The CdTe solar cell in the related art adopts a Cu-containing back contact structure to connect the electrode and CdTe, but still suffers from the problems of low photoelectric efficiency and poor stability.

Disclosure of Invention

The purpose of the present application includes providing a thin film solar cell and a method for manufacturing the same, which has high photoelectric conversion efficiency and good performance stability.

The embodiment of the application can be realized as follows:

in a first aspect, the present application provides a thin film solar cell, including a front electrode layer, and an absorption layer, a back contact layer, and a back electrode layer sequentially stacked, where the absorption layer and the back contact layer are located between the front electrode layer and the back electrode layer;

the absorbing layer comprises a CdTe layer in contact with the back contact layer, and the back contact layer comprises an As-doped ZnTe layer in contact with the back electrode layer.

In an alternative embodiment, the back contact layer further comprises a ZnTe intrinsic layer, both sides of which contact the As-doped ZnTe layer and the absorption layer, respectively.

In an alternative embodiment, the back contact layer further comprises an Ag-doped ZnTe layer, both sides of the Ag-doped ZnTe layer contacting the As-doped ZnTe layer and the absorber layer, respectively.

In an optional embodiment, the thin film solar cell further comprises a buffer layer disposed between the absorption layer and the front electrode layer, the buffer layer being SnO₂And (3) a layer.

In an alternative embodiment, the absorber layer further comprises CdSe disposed in superimposition with the CdTe layer_xTe_1-xLayer of CdSe_xTe_1-xThe layer contacts the side of the CdTe layer facing away from the back contact layer.

In an alternative embodiment, the front electrode layer is a TCO layer.

In an alternative embodiment, the back electrode layer comprises MoOs arranged in a stack in sequence_xLayer, Al layer and Cr layer, MoO_xThe layer is in contact with the back contact layer.

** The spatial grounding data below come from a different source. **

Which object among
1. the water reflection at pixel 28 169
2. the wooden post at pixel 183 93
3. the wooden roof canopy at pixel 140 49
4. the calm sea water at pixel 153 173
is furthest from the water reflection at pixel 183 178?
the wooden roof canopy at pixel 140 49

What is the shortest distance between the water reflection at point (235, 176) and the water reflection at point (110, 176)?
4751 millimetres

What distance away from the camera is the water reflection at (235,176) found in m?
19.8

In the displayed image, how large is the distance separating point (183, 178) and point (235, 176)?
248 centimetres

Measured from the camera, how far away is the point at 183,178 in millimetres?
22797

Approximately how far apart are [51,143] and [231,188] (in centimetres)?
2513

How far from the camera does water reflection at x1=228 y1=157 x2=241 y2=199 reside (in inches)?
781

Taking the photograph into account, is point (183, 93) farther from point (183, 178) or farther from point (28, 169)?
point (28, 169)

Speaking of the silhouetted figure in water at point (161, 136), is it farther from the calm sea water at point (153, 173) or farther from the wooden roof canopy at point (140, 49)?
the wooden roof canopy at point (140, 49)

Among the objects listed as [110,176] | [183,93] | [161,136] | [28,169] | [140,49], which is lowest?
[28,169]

In a second aspect, the present application provides a method for manufacturing a thin film solar cell, including:

manufacturing a front electrode layer on a substrate;

manufacturing an absorption layer by using a thermal evaporation method, wherein the absorption layer is positioned above the front electrode layer and comprises a CdTe layer;

manufacturing a back contact layer on the CdTe layer by using a thermal evaporation method or a magnetron sputtering method, wherein the back contact layer comprises an As-doped ZnTe layer;

and manufacturing a back electrode layer on the As-doped ZnTe layer.

In an alternative embodiment, the step of fabricating a front electrode layer on a substrate includes:

manufacturing a TCO layer on the substrate by using a magnetron sputtering method to obtain a front electrode layer;

after the front electrode layer is manufactured and before the absorption layer is manufactured, the manufacturing method further comprises the following steps:

a buffer layer for connecting the front electrode layer and the absorption layer is manufactured on the front electrode layer by a magnetron sputtering method, and the buffer layer is SnO₂And (3) a layer.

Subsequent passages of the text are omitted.